Only the lines below starting at the one that contains "Brisas del Golfo" and ending at the one that contains "Aukcja sprzedaży 2023" are to be reproduced, exactly and with both ends kept.
*** Opening Source data ***
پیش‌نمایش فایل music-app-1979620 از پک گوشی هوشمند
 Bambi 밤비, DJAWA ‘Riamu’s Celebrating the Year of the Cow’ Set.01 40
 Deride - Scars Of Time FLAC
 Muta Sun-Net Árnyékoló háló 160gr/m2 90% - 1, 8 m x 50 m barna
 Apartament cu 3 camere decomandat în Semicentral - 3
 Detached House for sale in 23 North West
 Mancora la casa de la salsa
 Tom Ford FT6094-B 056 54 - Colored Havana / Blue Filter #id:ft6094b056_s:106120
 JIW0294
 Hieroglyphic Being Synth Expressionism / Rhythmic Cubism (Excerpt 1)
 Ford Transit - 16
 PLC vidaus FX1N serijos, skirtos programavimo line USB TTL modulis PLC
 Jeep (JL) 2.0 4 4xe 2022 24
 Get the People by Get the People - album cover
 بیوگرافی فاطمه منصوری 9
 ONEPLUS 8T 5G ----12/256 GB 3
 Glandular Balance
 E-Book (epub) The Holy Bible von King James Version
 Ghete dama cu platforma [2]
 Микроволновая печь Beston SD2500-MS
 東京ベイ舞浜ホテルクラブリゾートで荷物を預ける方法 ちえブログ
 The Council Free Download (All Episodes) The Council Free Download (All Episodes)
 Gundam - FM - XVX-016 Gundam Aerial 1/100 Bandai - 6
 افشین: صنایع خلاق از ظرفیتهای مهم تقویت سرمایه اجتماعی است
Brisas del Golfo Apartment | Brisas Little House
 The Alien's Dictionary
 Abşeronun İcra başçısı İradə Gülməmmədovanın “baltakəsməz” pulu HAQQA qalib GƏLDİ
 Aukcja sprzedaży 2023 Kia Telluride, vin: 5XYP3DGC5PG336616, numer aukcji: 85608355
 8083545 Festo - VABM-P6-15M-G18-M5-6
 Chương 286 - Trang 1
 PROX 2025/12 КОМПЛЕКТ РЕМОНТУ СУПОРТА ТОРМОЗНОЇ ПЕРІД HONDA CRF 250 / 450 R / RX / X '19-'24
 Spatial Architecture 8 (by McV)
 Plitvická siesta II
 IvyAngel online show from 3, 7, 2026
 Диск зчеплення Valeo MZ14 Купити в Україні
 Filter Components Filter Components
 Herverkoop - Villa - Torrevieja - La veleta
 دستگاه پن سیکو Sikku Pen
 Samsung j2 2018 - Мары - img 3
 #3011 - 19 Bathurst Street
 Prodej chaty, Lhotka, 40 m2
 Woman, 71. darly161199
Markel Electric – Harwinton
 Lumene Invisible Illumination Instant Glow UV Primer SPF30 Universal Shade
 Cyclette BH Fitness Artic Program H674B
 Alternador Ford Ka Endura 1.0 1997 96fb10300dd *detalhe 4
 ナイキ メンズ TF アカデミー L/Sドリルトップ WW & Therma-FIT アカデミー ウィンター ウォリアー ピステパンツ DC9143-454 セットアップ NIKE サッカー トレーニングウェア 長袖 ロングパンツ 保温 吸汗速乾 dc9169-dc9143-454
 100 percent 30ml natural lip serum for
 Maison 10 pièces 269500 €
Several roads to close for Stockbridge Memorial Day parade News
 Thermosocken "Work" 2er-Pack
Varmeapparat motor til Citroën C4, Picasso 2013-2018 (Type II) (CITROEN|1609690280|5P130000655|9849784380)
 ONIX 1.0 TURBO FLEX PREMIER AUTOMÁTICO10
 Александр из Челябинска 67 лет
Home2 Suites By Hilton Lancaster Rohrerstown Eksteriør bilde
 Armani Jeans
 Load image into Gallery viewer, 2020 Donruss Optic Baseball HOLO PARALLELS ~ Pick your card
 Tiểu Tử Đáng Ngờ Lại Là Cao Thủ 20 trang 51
*** Closing Source data ***
== Written answer ==
Brisas del Golfo Apartment | Brisas Little House
 The Alien's Dictionary
 Abşeronun İcra başçısı İradə Gülməmmədovanın “baltakəsməz” pulu HAQQA qalib GƏLDİ
 Aukcja sprzedaży 2023 Kia Telluride, vin: 5XYP3DGC5PG336616, numer aukcji: 85608355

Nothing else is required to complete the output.